Accumulating in FP16 (rather than upcasting partial sums to FP32 inside the matmul kernel) silently degrades training. NVIDIA Tensor Cores upcast by default on Volta/Ampere/Hopper, but custom CUDA kernels and some quantised inference paths skip the upcast. Verify your matmul kernel's accumulator dtype before deciding the loss curve is correct.
Variants and format trade-offs#
The table below summarises the precision formats relevant for training in 2026, with the bit allocation, dynamic range, scaling requirement, and the hardware that supports it.
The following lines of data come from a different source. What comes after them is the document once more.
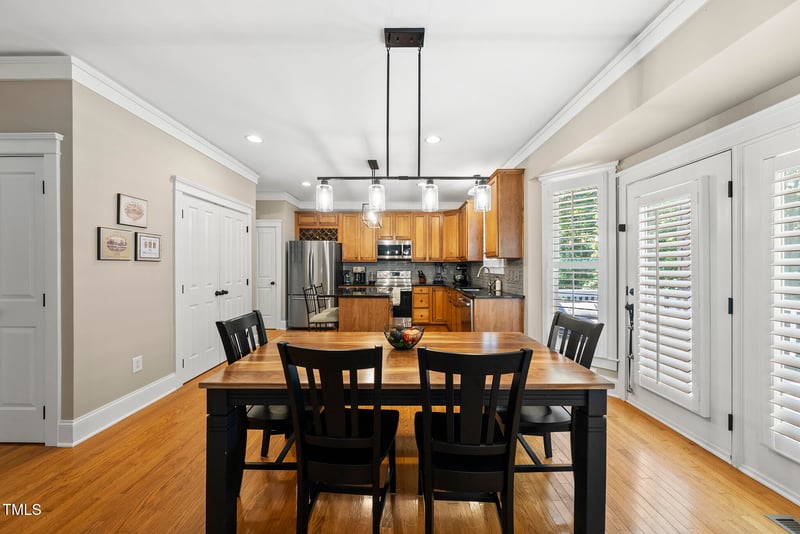 204 Edgepine Dr, Holly Springs, NC 27540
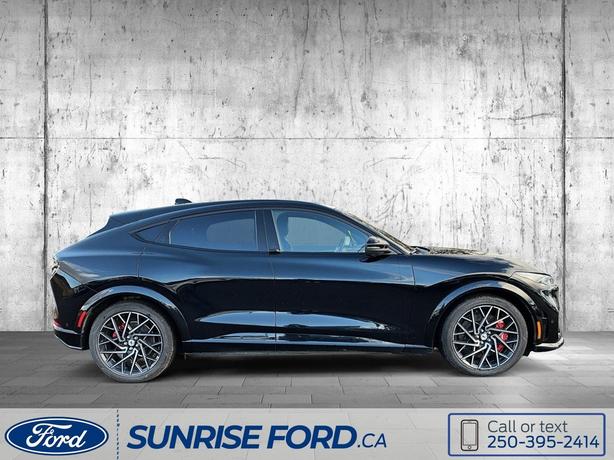 2022 Ford Mustang Mach-E GT Performance Edition, PANORAMIC ROOF, ONE PEDAL DRIVE image 4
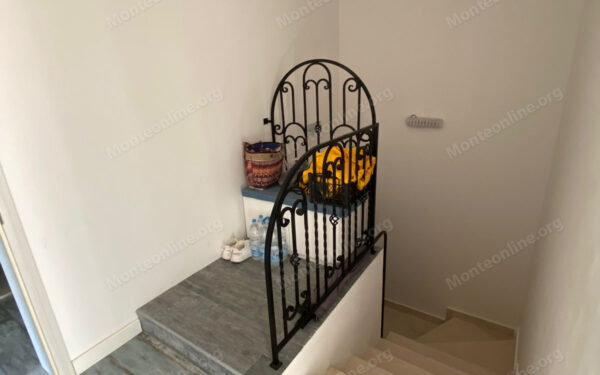 penthaus s 4 spalnyami v sveti stefane s vidom na more i gory 20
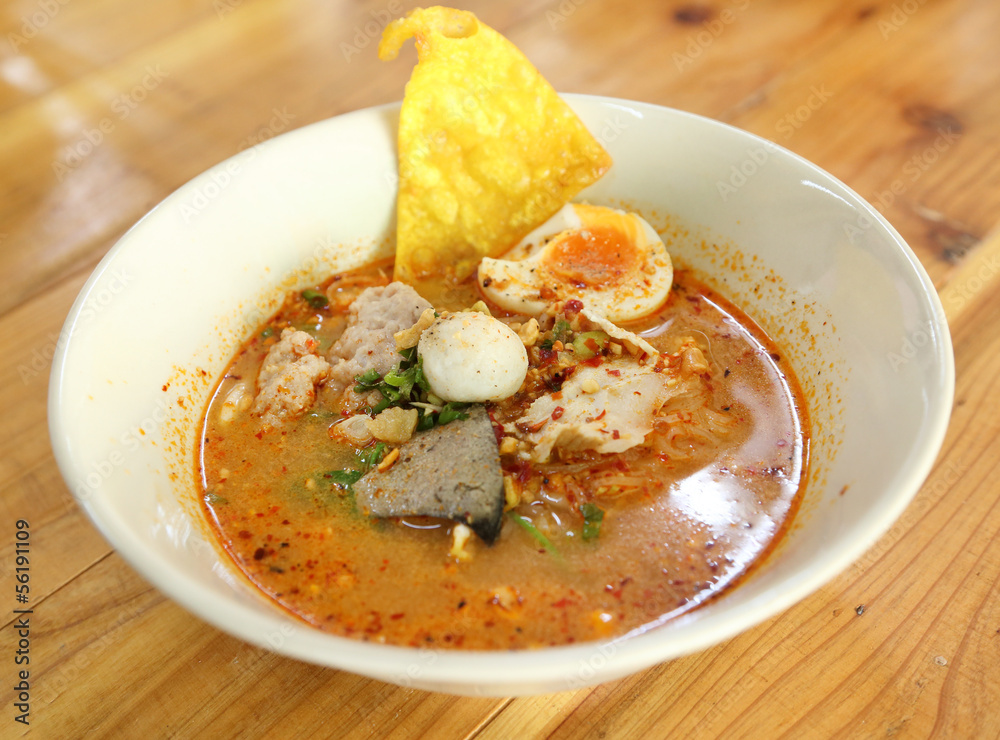 pork noodles with spicy lemon grass soup pork noodles with spicy lemon grass soup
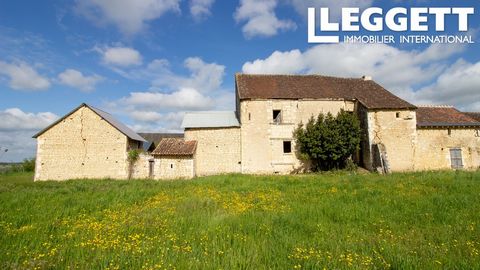 A28533AKB37 - Caché dans un hameau proche du village de Chezelles, ce manoir datant du 16ᵉ siècle, remanié et complété au cours des siècles suivants par des dépendances et un terrain avec une vue imprenable sur la campagne, attend d'être entièrement ...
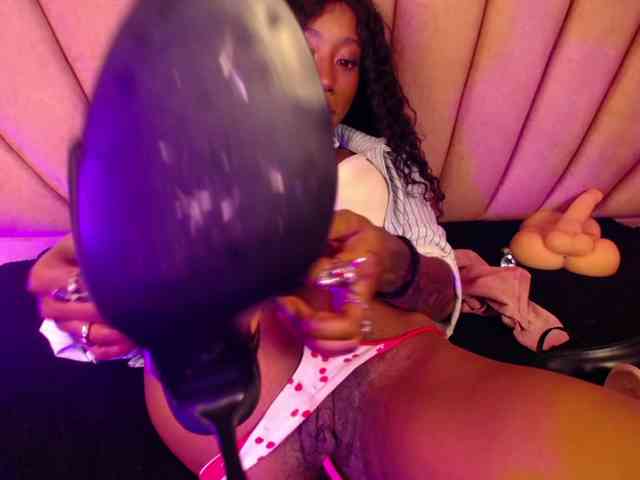 Sofi-Thomas Sex Cam Show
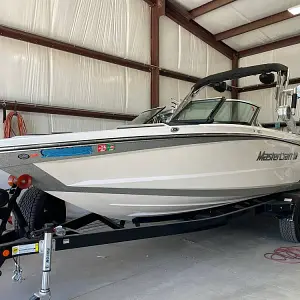 2021 Mastercraft XT 23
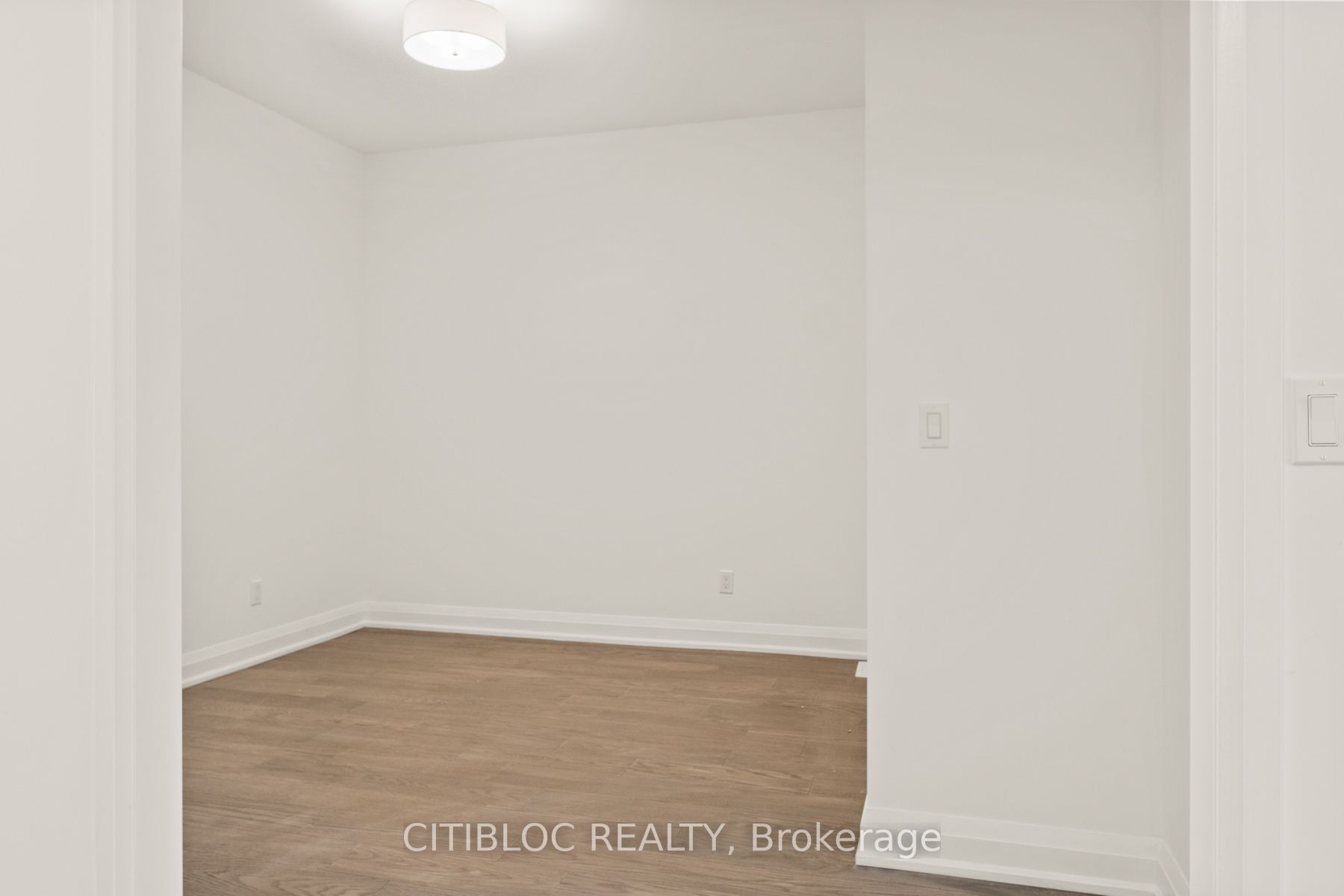 171 Mountainview Rd N, #7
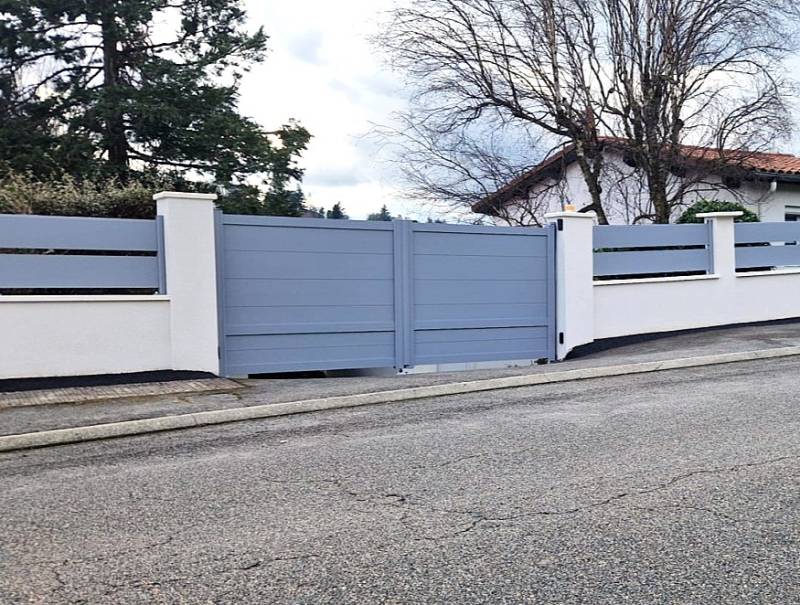 Délimiter son terrain avec élégance grâce à une clôture aluminium contemporaine à Aix-en-Provence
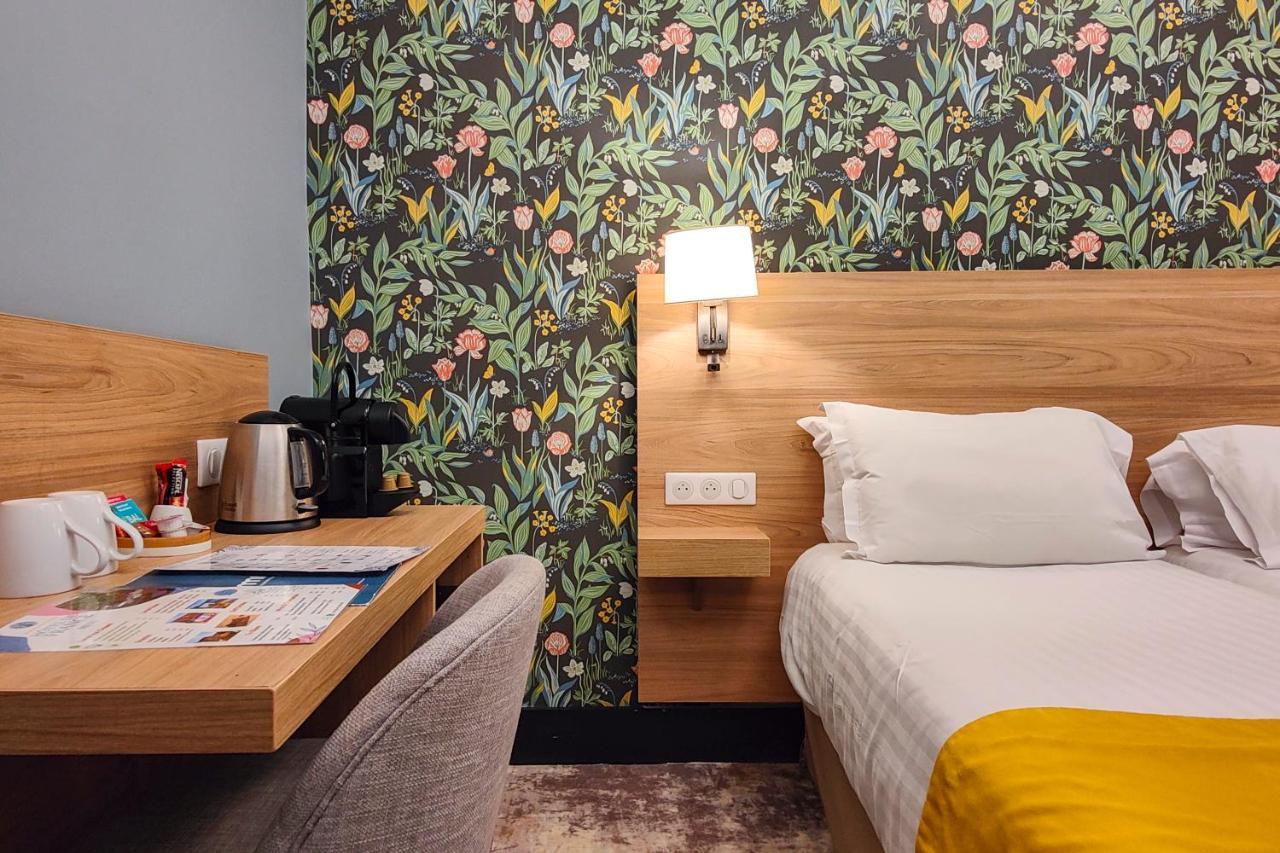 Hotel De France, Un Ammi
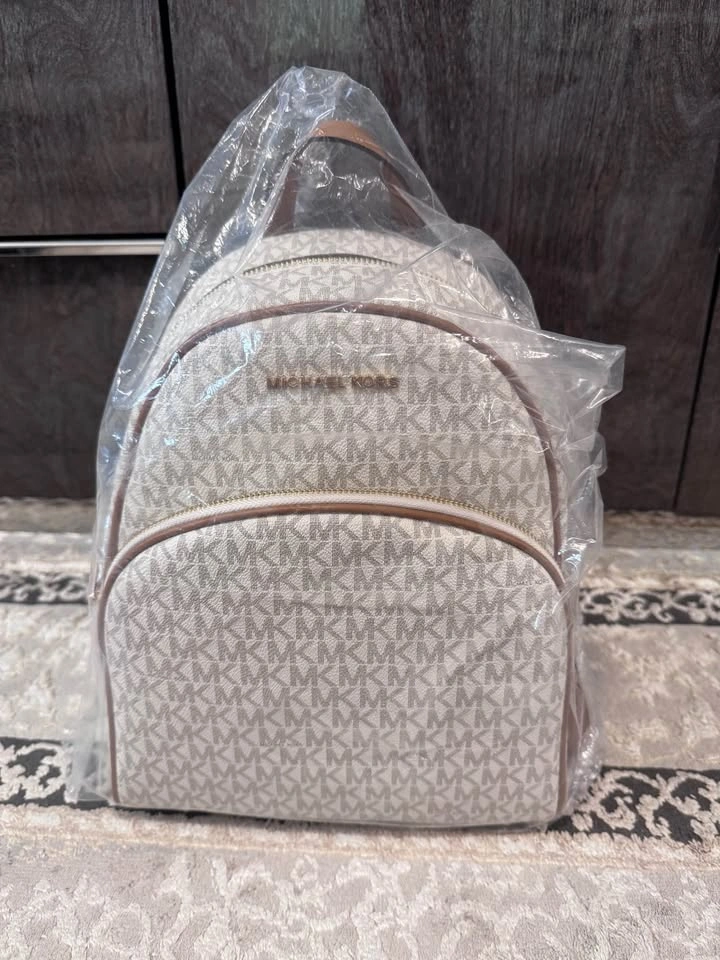 Brand New Michael Kors Abbey Medium Backpack – Vanilla/Acorn 🎒✨ - photo 4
| Format | Exp / Mantissa | Dynamic range | Scaling | Hardware (NVIDIA) |
|---|---|---|---|---|
| FP32 | 8 / 23 | ~1.2e-38 to 3.4e38 | Not needed | Universal |
| TF32 (tensor cores) | 8 / 10 | ~1.2e-38 to 3.4e38 | Not needed | Ampere+ tensor cores |
| FP16 (IEEE half) | 5 / 10 | ~6e-5 to 6.5e4 | Dynamic loss scaling required | Volta (2017) + |
| BF16 (Brain Float) | 8 / 7 | ~1.2e-38 to 3.4e38 | Not needed | Ampere (2020) + |
| FP8 E4M3 | 4 / 3 | ~2e-3 to 448 | Per-tensor amax scaling | Hopper (2022) + |
| FP8 E5M2 | 5 / 2 | ~6e-5 to 5.7e4 | Per-tensor amax scaling | Hopper (2022) + |
| FP4 (MXFP4) | 2 / 1 (E2M1) | ~3 distinct levels | Per-group (32 vals) shared FP8 scale | Blackwell (2024) + |
| INT8 (weight-only) | 8-bit integer | +-127 with FP scale | Per-channel or per-group | Universal (inference) |
When to use vs alternatives#
Use BF16 mixed precision by default for transformer training on Ampere, Hopper, or Blackwell. There is no modern training scenario where pure FP32 is the right choice; BF16 matches FP32 quality on almost every transformer recipe with 2x throughput and 2x activation-memory savings. Yobibyte's managed fine-tune service defaults BF16 on every supported SKU (H100/H200/A100), and the Yobitel NeoCloud pre-validated containers ship BF16 recipes for Llama, Qwen, Mistral, and DeepSeek-V3 derivatives.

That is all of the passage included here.